あのラストは「シン・ゴジラ」の原型だろうか。海に飲まれた東京の「新しい姿」は、「天気の子」公開時に類似を指摘する人がいたような気が…しなくもなくもなくもなくもない。いいじゃんまた作り直せば、だってさ。東日本大震災の後もそういうユートピア願望的な言説を見かけたけど、結局どうなった?
「妖星ゴラス」は、隼号が全滅する冒頭15分こそ湿っぽく悲壮感にあふれているが、その後はわりとカラッとしている。「サンダ対ガイラ」の方がよっぽどこの世の終わりの心地がした。「60年台から見た80年代」という背景も影響しているだろうか。

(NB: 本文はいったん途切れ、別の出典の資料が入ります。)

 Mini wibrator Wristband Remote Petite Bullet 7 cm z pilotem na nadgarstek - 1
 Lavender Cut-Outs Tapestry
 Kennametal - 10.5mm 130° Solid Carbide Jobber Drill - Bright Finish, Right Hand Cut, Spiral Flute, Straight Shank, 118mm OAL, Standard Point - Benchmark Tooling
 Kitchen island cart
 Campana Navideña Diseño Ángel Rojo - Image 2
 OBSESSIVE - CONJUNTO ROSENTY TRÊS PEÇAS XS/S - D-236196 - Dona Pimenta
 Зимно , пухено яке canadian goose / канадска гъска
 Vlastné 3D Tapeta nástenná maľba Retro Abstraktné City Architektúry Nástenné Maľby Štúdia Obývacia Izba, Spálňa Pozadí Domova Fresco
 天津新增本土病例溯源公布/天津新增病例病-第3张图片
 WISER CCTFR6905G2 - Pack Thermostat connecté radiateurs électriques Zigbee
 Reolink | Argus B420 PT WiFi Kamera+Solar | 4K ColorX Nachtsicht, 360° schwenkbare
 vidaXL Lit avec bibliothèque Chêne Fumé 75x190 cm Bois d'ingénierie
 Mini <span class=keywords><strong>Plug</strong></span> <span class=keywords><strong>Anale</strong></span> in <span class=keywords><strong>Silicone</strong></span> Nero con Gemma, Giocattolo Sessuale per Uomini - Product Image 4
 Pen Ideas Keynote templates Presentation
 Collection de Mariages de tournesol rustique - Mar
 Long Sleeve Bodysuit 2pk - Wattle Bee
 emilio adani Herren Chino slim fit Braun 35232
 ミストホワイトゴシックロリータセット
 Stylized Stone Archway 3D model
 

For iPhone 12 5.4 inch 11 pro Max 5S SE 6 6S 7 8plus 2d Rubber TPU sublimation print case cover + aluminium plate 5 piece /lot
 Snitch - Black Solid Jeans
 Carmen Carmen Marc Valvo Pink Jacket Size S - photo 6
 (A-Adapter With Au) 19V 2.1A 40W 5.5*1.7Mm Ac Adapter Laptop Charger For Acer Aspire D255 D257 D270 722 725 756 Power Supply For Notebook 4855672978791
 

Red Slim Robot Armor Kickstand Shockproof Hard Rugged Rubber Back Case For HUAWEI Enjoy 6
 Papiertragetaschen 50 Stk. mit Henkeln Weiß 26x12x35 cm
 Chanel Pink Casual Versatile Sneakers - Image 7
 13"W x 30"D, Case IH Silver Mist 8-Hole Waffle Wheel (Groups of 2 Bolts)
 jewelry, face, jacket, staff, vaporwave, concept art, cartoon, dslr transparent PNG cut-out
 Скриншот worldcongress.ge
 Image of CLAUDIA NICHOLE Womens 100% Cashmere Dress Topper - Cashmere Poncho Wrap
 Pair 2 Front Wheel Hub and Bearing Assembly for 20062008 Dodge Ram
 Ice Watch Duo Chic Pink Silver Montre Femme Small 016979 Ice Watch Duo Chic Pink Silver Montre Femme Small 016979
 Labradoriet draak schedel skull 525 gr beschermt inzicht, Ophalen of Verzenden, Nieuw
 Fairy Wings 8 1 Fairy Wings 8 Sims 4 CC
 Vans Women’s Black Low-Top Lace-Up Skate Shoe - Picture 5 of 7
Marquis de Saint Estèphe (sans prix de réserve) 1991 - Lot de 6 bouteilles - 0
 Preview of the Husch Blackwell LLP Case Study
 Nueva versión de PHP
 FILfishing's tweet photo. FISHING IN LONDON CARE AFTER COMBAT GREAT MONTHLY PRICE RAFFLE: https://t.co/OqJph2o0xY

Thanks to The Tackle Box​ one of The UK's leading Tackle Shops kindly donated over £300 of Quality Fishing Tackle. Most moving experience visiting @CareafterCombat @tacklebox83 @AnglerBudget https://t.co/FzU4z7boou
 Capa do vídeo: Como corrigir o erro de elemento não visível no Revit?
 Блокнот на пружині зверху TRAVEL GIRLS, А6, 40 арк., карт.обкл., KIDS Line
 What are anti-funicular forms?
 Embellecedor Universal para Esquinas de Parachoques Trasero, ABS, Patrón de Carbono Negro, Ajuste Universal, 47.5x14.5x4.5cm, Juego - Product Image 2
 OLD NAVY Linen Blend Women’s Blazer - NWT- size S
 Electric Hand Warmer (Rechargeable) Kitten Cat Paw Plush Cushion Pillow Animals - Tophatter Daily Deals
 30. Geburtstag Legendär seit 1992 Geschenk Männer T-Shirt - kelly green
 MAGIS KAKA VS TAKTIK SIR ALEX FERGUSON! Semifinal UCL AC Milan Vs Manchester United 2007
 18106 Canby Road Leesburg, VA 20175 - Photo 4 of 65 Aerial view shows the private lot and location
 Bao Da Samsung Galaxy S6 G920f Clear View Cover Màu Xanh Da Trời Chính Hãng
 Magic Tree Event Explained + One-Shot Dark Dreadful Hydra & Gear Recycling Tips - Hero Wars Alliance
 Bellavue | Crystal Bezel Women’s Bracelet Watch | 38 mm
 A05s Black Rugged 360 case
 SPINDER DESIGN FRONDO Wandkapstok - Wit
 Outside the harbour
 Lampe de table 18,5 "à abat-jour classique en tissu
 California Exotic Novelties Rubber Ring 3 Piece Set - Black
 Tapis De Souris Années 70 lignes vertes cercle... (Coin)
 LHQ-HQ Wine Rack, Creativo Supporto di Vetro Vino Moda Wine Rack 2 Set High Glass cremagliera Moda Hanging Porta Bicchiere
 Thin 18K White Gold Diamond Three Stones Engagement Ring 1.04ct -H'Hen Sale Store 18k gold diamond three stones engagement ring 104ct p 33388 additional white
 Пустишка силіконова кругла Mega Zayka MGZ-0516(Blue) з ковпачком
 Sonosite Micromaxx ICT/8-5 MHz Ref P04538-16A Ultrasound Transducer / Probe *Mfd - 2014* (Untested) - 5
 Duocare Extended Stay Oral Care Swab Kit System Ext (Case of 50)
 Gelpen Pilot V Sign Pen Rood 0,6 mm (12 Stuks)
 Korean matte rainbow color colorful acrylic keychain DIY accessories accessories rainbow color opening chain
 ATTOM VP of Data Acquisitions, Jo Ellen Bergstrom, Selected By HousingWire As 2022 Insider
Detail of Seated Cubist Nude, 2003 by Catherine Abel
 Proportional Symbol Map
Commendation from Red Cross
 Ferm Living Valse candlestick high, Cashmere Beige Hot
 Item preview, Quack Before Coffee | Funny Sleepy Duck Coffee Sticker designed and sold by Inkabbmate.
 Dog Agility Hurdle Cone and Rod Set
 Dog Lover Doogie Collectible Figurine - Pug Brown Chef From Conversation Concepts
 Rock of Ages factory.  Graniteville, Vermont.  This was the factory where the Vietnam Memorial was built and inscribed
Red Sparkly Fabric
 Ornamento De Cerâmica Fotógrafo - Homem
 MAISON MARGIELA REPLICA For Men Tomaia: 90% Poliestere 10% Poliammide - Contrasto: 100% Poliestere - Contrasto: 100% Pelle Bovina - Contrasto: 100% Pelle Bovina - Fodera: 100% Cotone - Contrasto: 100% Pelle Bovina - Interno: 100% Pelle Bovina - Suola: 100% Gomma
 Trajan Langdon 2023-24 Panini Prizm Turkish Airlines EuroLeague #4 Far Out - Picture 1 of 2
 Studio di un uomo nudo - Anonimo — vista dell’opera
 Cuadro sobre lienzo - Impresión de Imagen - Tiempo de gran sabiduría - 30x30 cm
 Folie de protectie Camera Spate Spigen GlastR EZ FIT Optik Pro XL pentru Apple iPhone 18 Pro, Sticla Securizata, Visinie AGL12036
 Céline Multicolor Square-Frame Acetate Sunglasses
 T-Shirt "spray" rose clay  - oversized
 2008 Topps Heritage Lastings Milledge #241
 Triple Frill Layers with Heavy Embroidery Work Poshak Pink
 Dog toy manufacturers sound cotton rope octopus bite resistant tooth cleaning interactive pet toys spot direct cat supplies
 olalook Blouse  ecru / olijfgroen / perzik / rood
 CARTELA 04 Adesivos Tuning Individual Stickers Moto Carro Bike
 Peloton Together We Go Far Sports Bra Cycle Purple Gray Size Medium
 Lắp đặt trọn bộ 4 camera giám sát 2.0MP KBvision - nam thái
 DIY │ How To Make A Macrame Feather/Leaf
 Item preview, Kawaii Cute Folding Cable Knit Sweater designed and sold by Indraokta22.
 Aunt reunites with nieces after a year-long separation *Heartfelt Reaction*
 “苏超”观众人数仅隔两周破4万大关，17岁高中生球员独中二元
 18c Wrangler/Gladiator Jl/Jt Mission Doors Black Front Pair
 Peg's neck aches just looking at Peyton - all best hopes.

基本的には明るい未来を前提にした作品なのだと思う。
地球全体が危機に瀕しても、各々の国のリーダーが好き勝手なことを言ったり、失敗を認めず責任をなすりつけあったりする姿を僕たちは知っているから。ポスターから「世界が無残に崩壊する」英語を期待して見たら、能天気に再建を誓うオチで終わったのでガッカリした。ゴラスよ、地球に当たってくれ。
結局のところ「妖星ゴラス」はパニック映画ではなく、怪獣映画だった。ゴラスが近づく真っ暗な東京で、サイレンかき鳴らして防災無線がひたすら避難を呼びかける。当時のひとは空襲を思い出したのだろうか。あまりに時代感が違うので、いまと見え方が同じではない可能性もあるなとも思う。